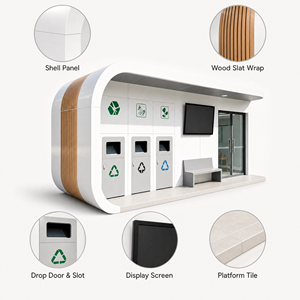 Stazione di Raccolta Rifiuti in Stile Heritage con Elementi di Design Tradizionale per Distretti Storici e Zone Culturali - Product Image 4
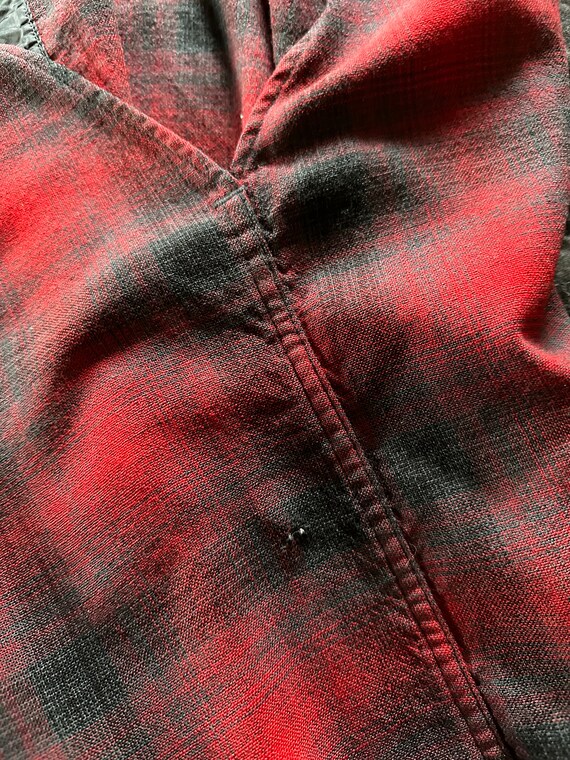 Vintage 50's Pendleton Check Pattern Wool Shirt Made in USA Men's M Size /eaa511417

==

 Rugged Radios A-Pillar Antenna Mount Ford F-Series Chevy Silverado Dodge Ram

* * *

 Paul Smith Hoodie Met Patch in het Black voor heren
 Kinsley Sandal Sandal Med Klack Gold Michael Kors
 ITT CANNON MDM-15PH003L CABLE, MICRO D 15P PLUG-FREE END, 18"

* YOUR ASSIGNMENT: Above are the records; from them, give again exactly the lines from the one containing "Kinsley Sandal Sandal" through the one containing "ITT CANNON MDM-15PH003L", both included.

* ANSWER TO THIS TASK:
 Kinsley Sandal Sandal Med Klack Gold Michael Kors
 ITT CANNON MDM-15PH003L CABLE, MICRO D 15P PLUG-FREE END, 18"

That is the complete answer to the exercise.